The academic year has begun, and I’m teaching our second-year Quantum Mechanics course again. I was pretty happy with last year’s version, and the students didn’t completely disagree.

This year, there have been a few changes to the structure of the course — although not as much to the content as I might have liked (“if it ain’t broke, don’t fix it”, although I’d still love to use more of the elegant Dirac notation and perhaps discuss quantum information a bit more). We’ve moved some of the material to the first year, so the students should already come into the course with at least some exposure to the famous Schrödinger Equation which describes the evolution of the quantum wave function. But of course all lecturers treat this material slightly differently, so I’ve tried to revisit some of that material in my own language, although perhaps a bit too quickly.

Perhaps more importantly, we’ve also changed the tutorial system. We used to attempt an imperfect rendition of the Oxbridge small-group tutorial system, but we’ve moved to something with larger groups and (we hope) a more consistent presentation of the material. We’re only on the second term with this new system, so the jury is still out, both in terms of the students’ reactions, and our own. Perhaps surprisingly, they do like the fact that there is more assessed (i.e., explicitly graded, counting towards the final mark in the course) material — coming from the US system, I would like to see yet more of this, while those brought up on the UK system prefer the final exam to carry most (ideally all!) the weight.

So far I’ve given three lectures, including a last-minute swap yesterday.

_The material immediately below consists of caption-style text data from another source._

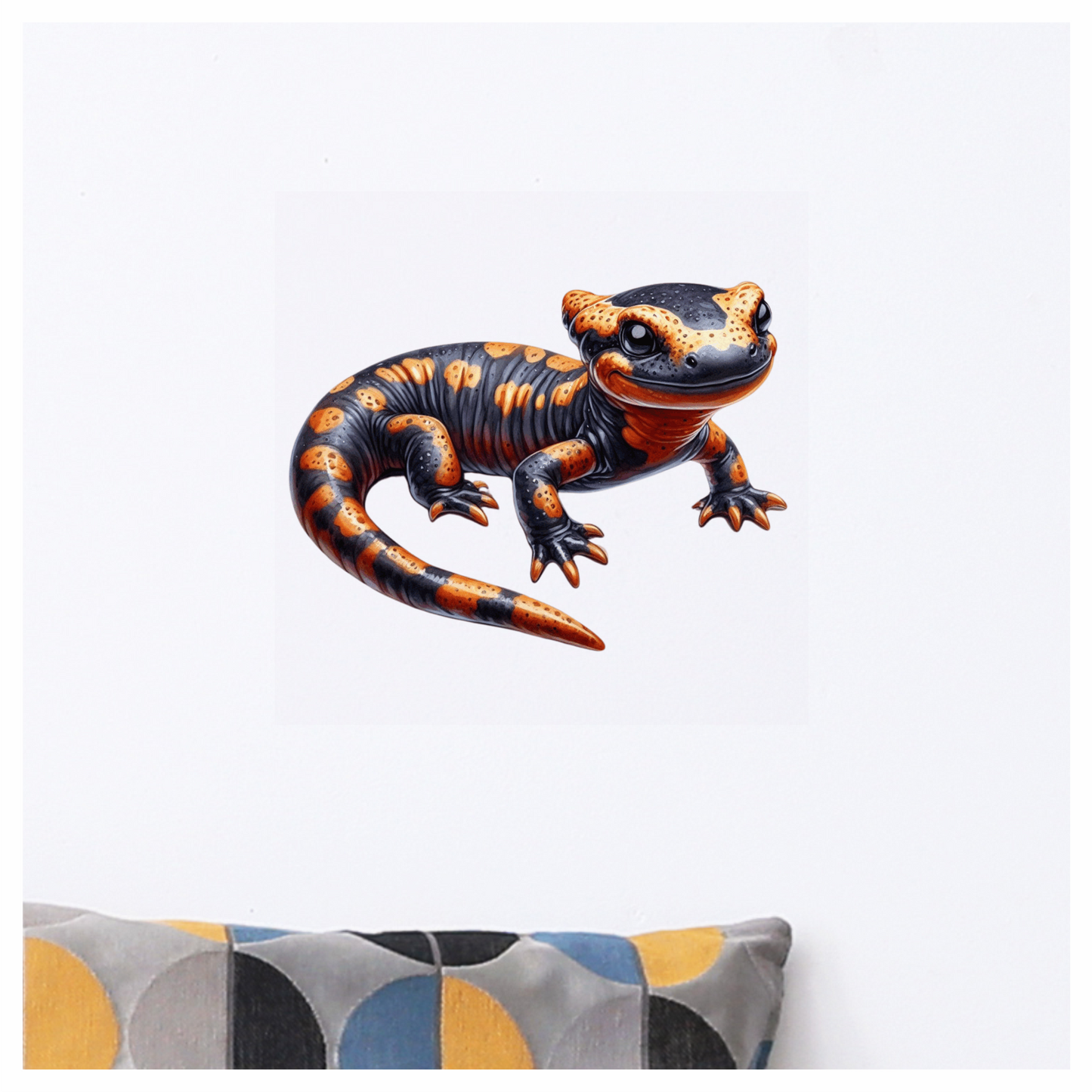 Salamander Black Orange Vinyl Sticker Decal
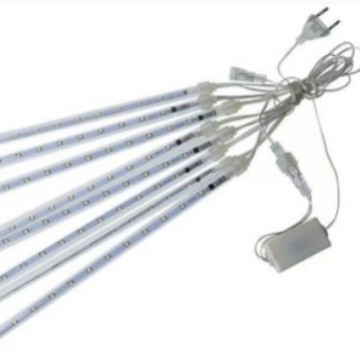 (2개) 매달린 나무 LED 유성 샤워 조명 깜박이는 조명 끈 조명 별이 빛나는 조명 야외 방수 새해 장식 안뜰 물 조명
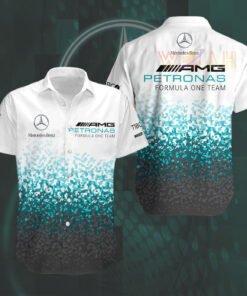 Mercedes Petronas 2022 3D short sleeve shirt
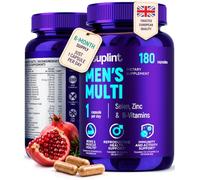 Men's Multivitamin Capsules - A-Z Vitamin Complex - 180 Capsules | All-in-One Vitamins for Men - 1 Capsule Daily for 180 Days - Energy, Immunity, Bones & Muscles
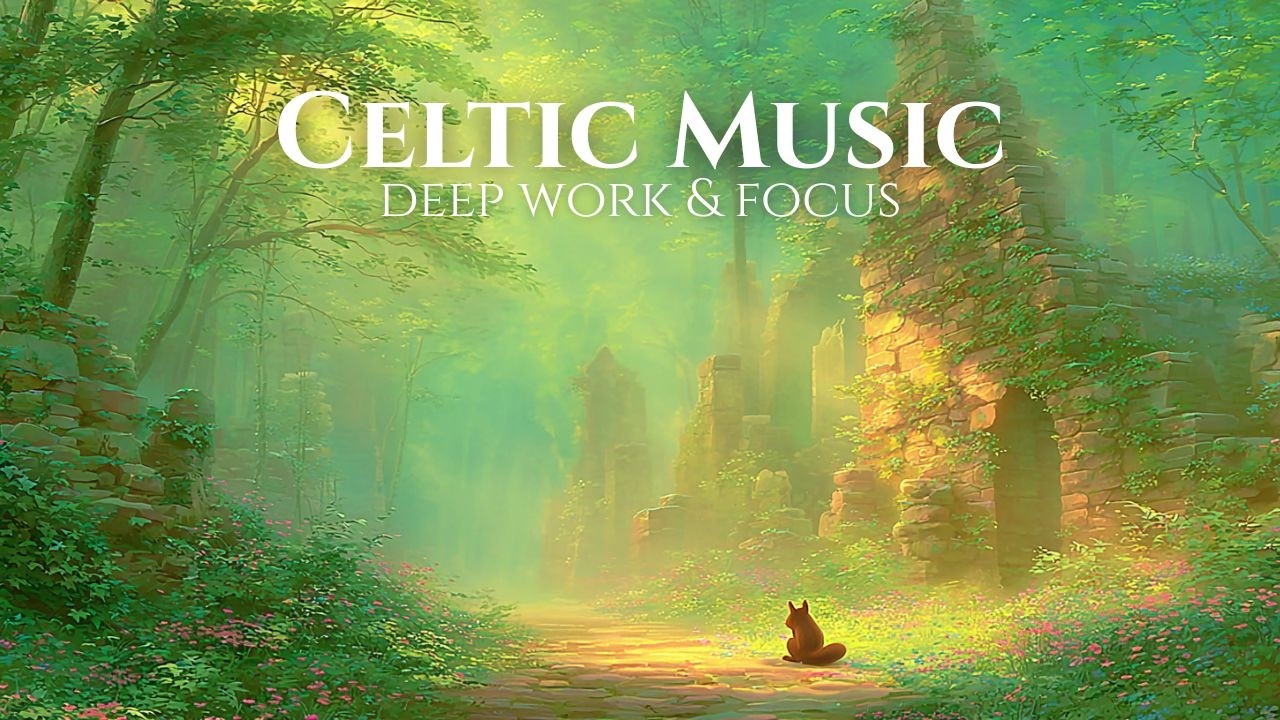 Mystic Forest Ruins 🌿 Celtic Music for Deep Work & Maximum Focus
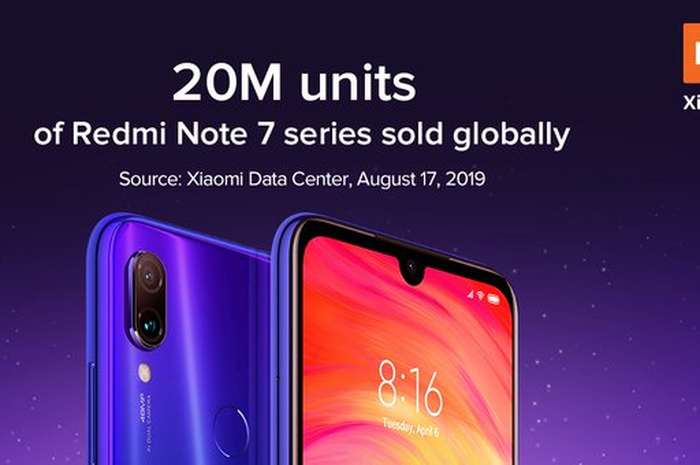 Sukses Besar, Redmi Note 7 Sudah Terjual 20 Juta Unit di Seluruh Dunia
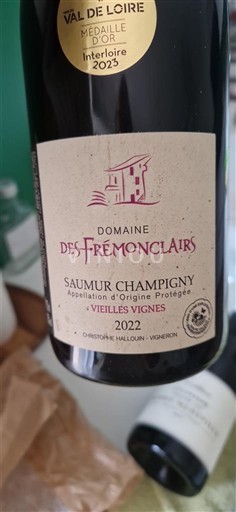 Thung lũng sông Loire Saumur-champigny Domaine Des Frémonclairs Vieilles Vignes 2022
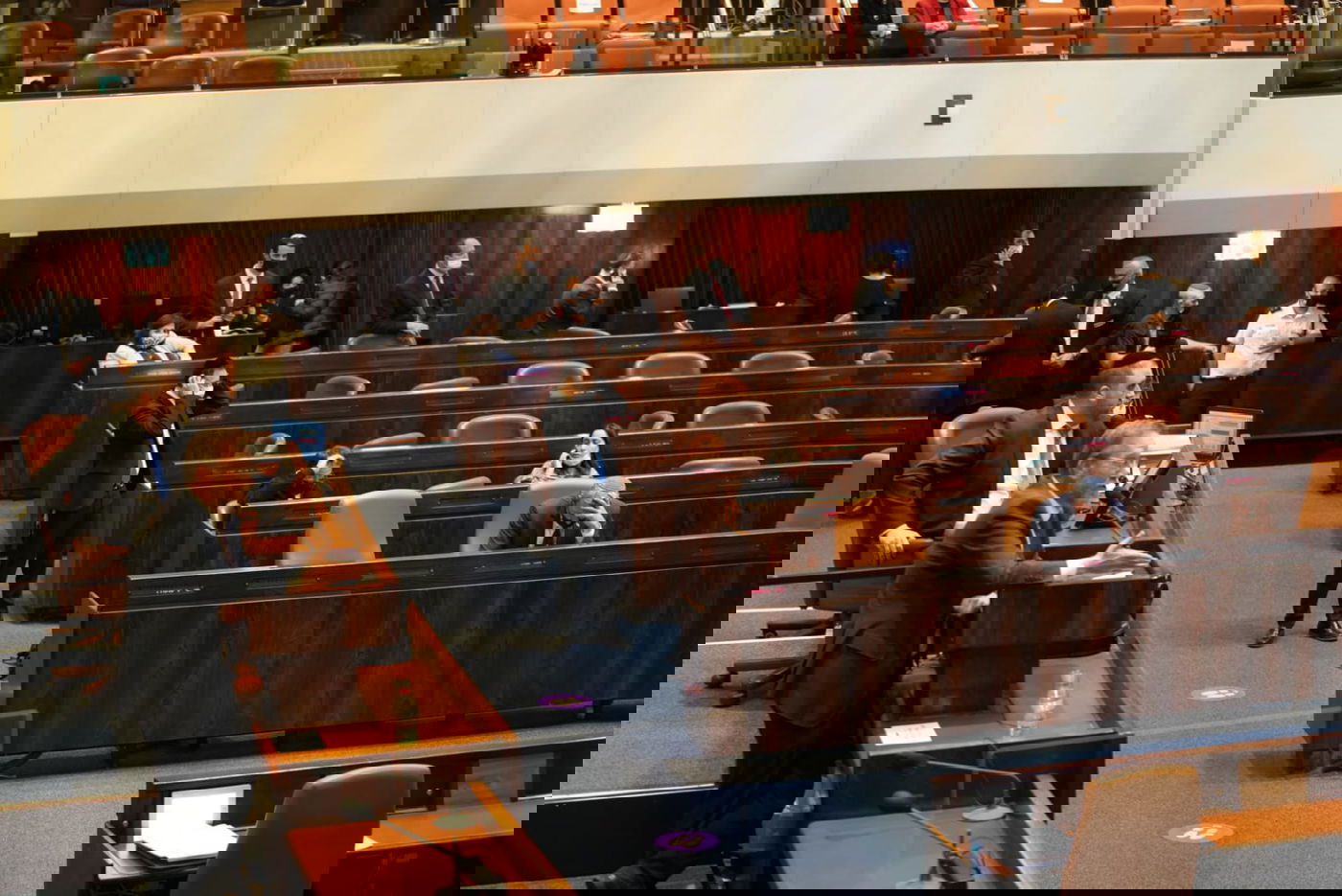 לילה דרמטי: גלריה מהדיון האחרון לפני פיזור הכנסת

The first lecture — mostly content-free — went pretty well, but I’m not too happy with my performance on the last two: I’ve made a mistake in each of the last two lectures. I’ve heard people say that the students don’t mind a few (corrected) mistakes; it humanises the teachers. But I suspect that the students would, on the whole, prefer less-human, more perfect, lecturing…

Yesterday, we were talking about a particle trapped in a finite potential well — that is, a particle confined to be in a box, but (because of the weirdness of quantum mechanics) with some probability of being found outside. That probability depends upon the energy of the particle, and because of the details of the way I defined that energy (starting at a negative number, instead of the more natural value of zero), I got confused about the signs of some of the quantities I was dealing with. I explained the concepts (I think) completely correctly, but with mistakes in the math behind them, the students (and me) got confused about the details. But many, many thanks to the students who kept pressing me on the issue and helped us puzzle out the problems.

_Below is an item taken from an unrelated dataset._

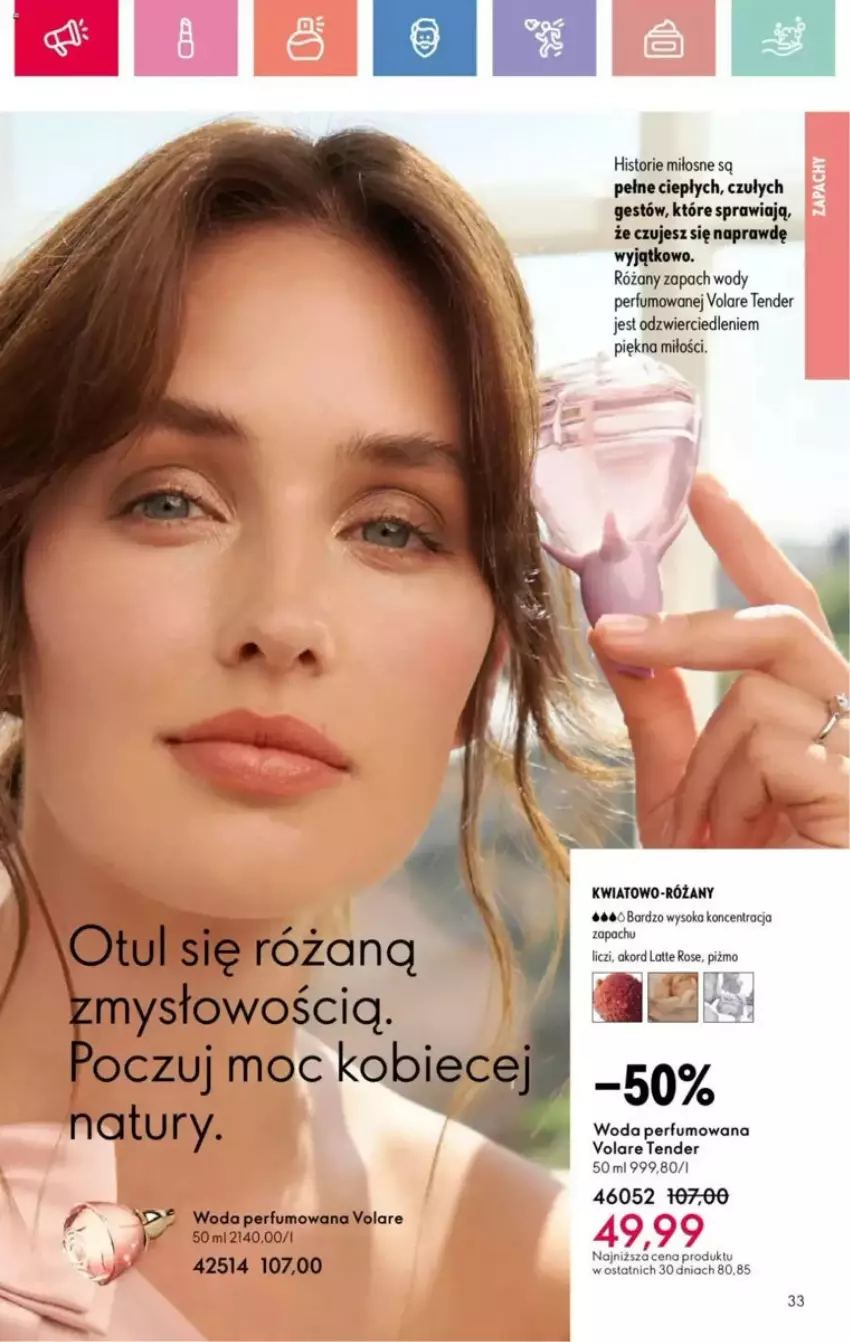 Gazetka promocyjna Oriflame - ważna 25.05 do 14.06.2025 - strona 132 - produkty: Liczi, Perfum, Róża, Sok, Volare, Woda, Woda perfumowana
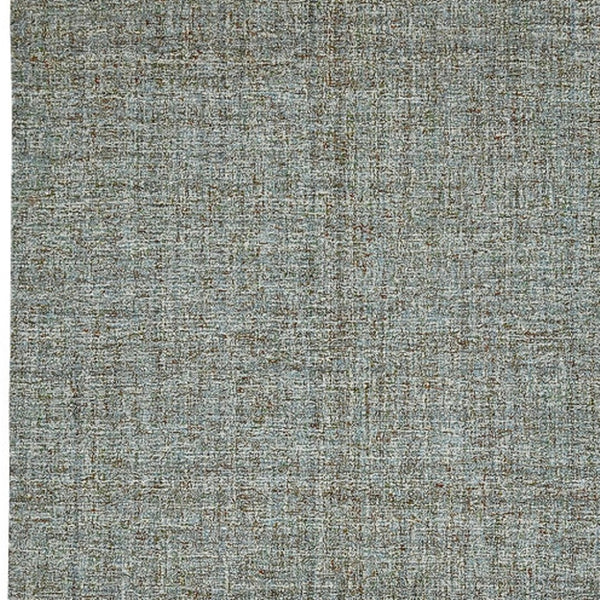 HomeRoots 4' Striped Wool Area Rug in Ivory, Gray & Black – Hand-Woven Artisan Design for Cozy Spaces 9' X 12' 570519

Today’s mistake was less conceptual, but no less annoying — I wrote (and said) “cotangent” when I meant “tangent” (and vice versa). In my notes, this was all completely correct, but when you’re standing up in front of 200 or so students, sometimes you miss the detail on the page in front of you. Again, this was in some sense just a mathematical detail, but (as we always stress) without the right math, you can’t really understand the concepts. So, thanks to the students who saw that I was making a mistake, and my apologies to the whole class.